* [Instructions for the task]: Everything from the line containing "808 Merriman Drive - Photo Thumbnail 14" through the last line of the data below must be copied exactly, with no other lines included.

* [Dataset content]:
= Beginning of Section =

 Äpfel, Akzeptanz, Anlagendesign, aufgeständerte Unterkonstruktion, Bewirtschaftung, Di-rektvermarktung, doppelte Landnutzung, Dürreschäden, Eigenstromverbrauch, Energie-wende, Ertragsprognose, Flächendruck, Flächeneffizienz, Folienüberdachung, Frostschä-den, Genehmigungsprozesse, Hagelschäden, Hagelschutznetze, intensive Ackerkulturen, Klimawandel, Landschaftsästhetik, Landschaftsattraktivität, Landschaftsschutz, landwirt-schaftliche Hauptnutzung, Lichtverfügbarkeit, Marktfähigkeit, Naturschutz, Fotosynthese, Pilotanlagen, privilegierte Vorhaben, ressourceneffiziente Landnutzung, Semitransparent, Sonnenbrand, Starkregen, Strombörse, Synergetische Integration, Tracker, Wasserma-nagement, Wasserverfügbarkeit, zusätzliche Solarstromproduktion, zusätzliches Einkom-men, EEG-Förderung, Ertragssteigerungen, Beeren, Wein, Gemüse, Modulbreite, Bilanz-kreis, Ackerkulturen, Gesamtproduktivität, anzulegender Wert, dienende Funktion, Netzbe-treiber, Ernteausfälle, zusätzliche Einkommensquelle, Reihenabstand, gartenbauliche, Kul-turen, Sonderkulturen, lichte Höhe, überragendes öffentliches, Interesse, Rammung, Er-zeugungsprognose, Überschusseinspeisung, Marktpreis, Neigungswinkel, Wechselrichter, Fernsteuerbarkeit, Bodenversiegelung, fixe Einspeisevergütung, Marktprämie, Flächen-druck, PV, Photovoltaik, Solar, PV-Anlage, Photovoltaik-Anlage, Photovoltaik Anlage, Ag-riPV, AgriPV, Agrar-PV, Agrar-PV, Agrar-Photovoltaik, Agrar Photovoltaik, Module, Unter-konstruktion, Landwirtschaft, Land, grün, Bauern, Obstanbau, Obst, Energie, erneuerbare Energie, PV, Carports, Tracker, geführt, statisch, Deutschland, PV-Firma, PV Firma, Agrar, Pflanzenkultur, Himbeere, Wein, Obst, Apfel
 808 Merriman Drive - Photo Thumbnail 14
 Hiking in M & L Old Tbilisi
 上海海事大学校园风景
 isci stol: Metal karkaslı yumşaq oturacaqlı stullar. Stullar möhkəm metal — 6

= End of Section =

* [Written response]:
 808 Merriman Drive - Photo Thumbnail 14
 Hiking in M & L Old Tbilisi
 上海海事大学校园风景
 isci stol: Metal karkaslı yumşaq oturacaqlı stullar. Stullar möhkəm metal — 6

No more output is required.